Categories of Competition
If you go to the competition page, you can see a dropdown menu called All Categories
, which shows how many categories the competition has (introducing some common ones):
- Featured: usually organized by companies, with higher prize money.
- Research: usually organized by academic institutions or conferences, with less prize money.
- Playground: usually organized by Kaggle, with no prize money, only small rewards, and results are not included in the ranking.
Generally, only competitions with prizes and rankings (Featured or Research) are recognized on resumes, as these competitions are more challenging, and winning them demonstrates high skill.
The Way of Conducting a Competition
Generally, the competition lasts for two to three months and can be participated in by individuals or teams. There are two sets of data, train and test, and the answers are provided for the train data for model training. After training the model, predictions are made for each data in the test set, and the resulting scores determine the ranking.

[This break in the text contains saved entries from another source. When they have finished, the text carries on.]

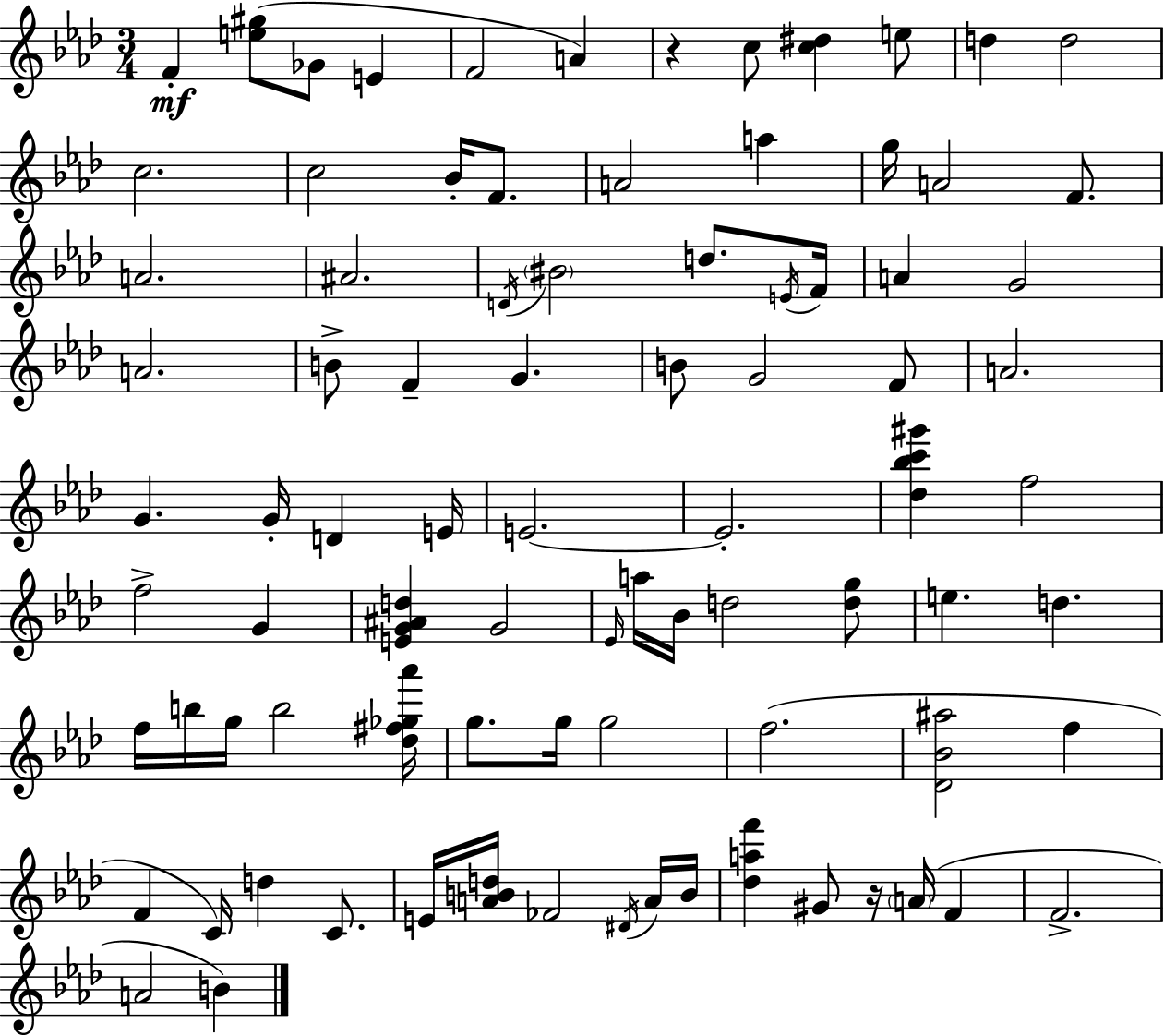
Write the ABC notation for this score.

X:1
T:Untitled
M:3/4
L:1/4
K:Fm
F [e^g]/2 _G/2 E F2 A z c/2 [c^d] e/2 d d2 c2 c2 _B/4 F/2 A2 a g/4 A2 F/2 A2 ^A2 D/4 ^B2 d/2 E/4 F/4 A G2 A2 B/2 F G B/2 G2 F/2 A2 G G/4 D E/4 E2 E2 [_d_bc'^g'] f2 f2 G [EG^Ad] G2 _E/4 a/4 _B/4 d2 [dg]/2 e d f/4 b/4 g/4 b2 [_d^f_g_a']/4 g/2 g/4 g2 f2 [_D_B^a]2 f F C/4 d C/2 E/4 [ABd]/4 _F2 ^D/4 A/4 B/4 [_daf'] ^G/2 z/4 A/4 F F2 A2 B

The test data is divided into two parts, public and private, but we can know how they are divided only until the competition ends. Each time a prediction is uploaded, the score and ranking for the public portion can be seen, but the final ranking is determined by the private portion.
Finally, depending on the number of participants, approximately the top ten can win gold medals, the top fifty can win silver medals, and the top one hundred can win bronze medals. The more participants there are, the more medals there will be, and vice versa. More details on the official website. Generally speaking, having a medal-winning performance in a competition is a plus for your resume.
Deep Learning Competition
Usually, deep learning competitions require a GPU for sufficient computational resources to participate. Most people may not purchase a computer with a GPU specifically, so Kaggle kindly provides a free GPU for everyone to use. As long as the programming is written on the Kaggle website interface, it can be executed using Kaggle’s GPU. The only thing to note is that the usage is limited, with only a few dozen hours available per week.

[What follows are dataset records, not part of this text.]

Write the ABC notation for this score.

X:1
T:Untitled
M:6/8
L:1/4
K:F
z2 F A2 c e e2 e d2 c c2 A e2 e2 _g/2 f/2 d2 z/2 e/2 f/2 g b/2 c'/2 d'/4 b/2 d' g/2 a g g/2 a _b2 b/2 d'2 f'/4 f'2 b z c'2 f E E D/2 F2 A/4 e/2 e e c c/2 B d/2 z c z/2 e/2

If the usage limit has been reached, there is still Google Colab, which also provides free GPU usage, but the limitation is that the browser must be kept open. It can only be used for daily purposes, and if Google detects that you have started running a program and then went to sleep while using too many resources, it will stop your program. However, if the budget is limited, it is a viable option.
Non-deep Learning Competition
For competitions that do not involve deep learning, there is no need to worry about GPU resources. If the data is not too large, a regular laptop can usually handle training the model.